I work with some great speakers in my day to day existence. People who lead businesses and do great things, and the last thing they need from me is coaching on the ‘how’ to deliver a relevant, focused message. They know how.
They tend to use me as a source of stories, anecdotes, facts and figures that they can use for the tricky bits of their speeches. They just know that those ‘frills’ are the things that help their message stand out at conferences, meetings and sales pitches. They want great attention grabbers at the start, memorable ‘funnies’ that make a point, and powerful, moving stories with bite, that no-one’s heard before. I guess you’d call them the ‘tricks’ of the speaker’s trade if you like. Most successful people don’t have time to find them for themselves, and that’s where I help.

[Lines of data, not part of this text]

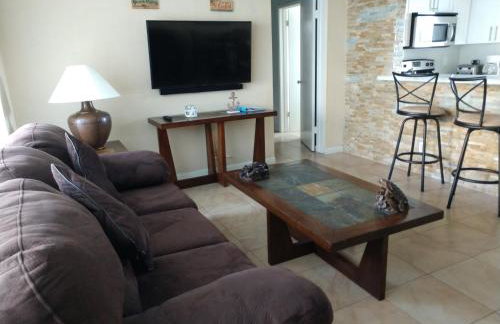 Sunrise Ocean Suites - Photo 52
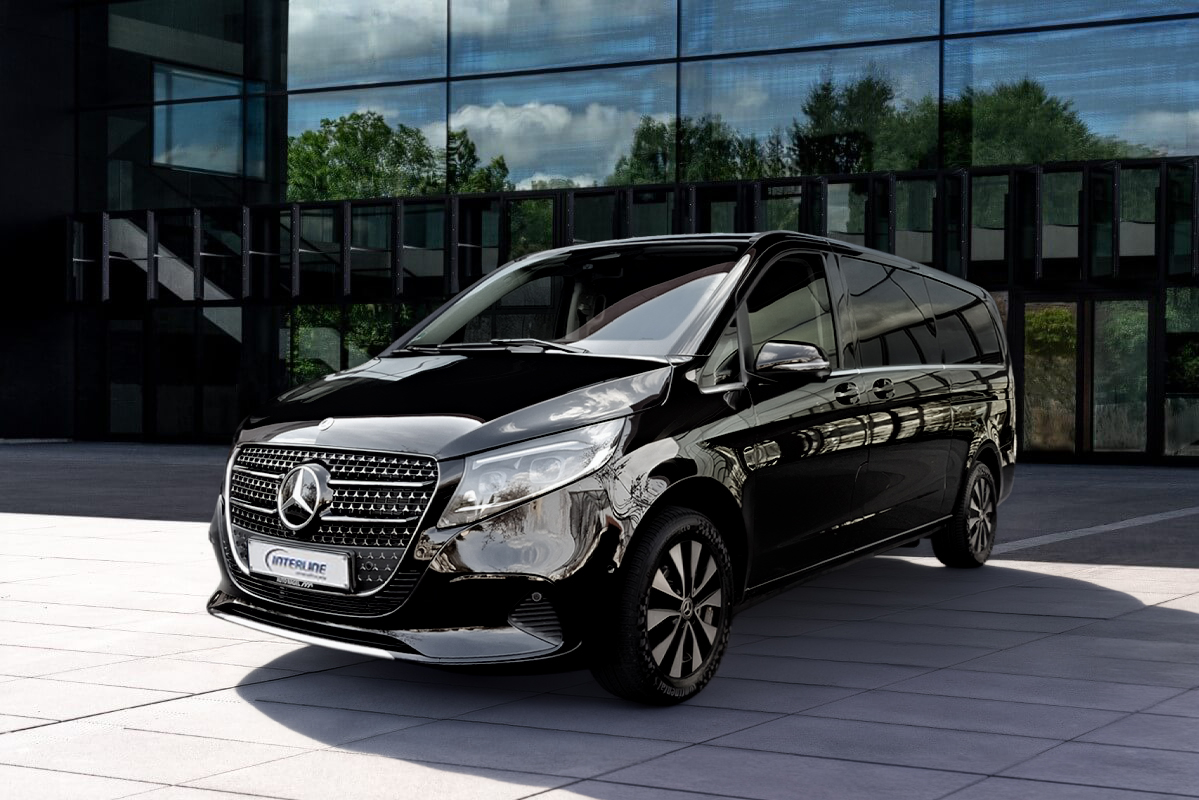 Minivan Mercedes V300d 4matic front view.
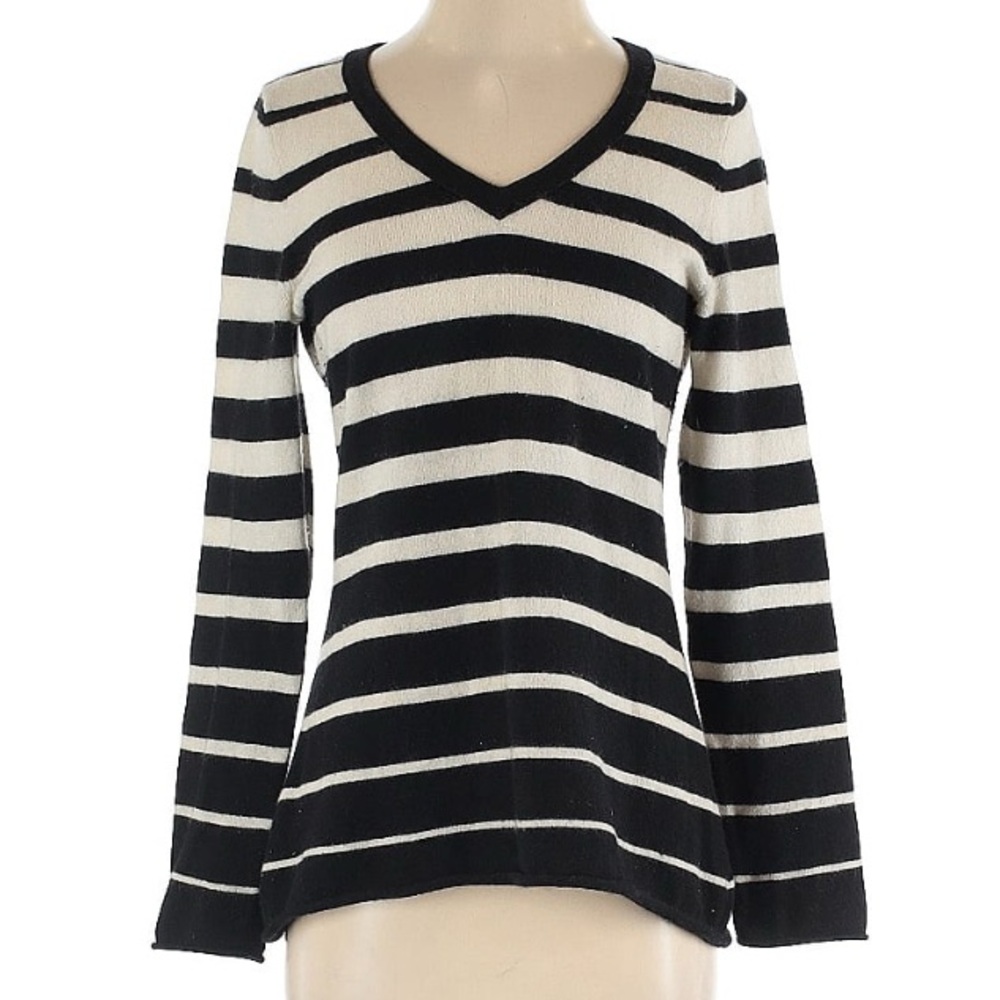 Black and White Cashmere V-Neck Striped Sweater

It’s a joy, if I’m honest, and I do have a talent for finding, storing and remembering such stuff, and- as importantly for me- it gives me a free rein to read all kinds of magazines, comics and crap, watch TV, films and theatre, that I wouldn’t otherwise have the conscience to do during work time. The skill of ‘collecting’ such material is about about having an open mind, believing that whether it’s a women’s fashion mag, or a TV documentary about people trafficking, something interesting and useful will come out of it. It’s amazing how often, when you’ve got a speech to write, and your subconscious is ‘looking’, that you notice lots of stuff that suddenly seems to be just right, but on any other day would pass you by unloved and unnoticed.
Now the point of this piece is that the very best source of stories, anecdotes, funnies and facts, that I pass on to my grateful, and occasionally paying punters, is ‘Private Eye‘ magazine. It’s an irreverent, independent, irritatingly self-righteous bi-monthly magazine, published in the UK, and focused on UK first and global thereafter, matters of business, politics and life.
If you’d like a source of great titbits and tittle tattle, you should buy it, or even better subscribe, because it’s one of the few, truly ‘free’ publications left in Europe. And if you’re going to be giving a presentation it will pay for itself ten times over.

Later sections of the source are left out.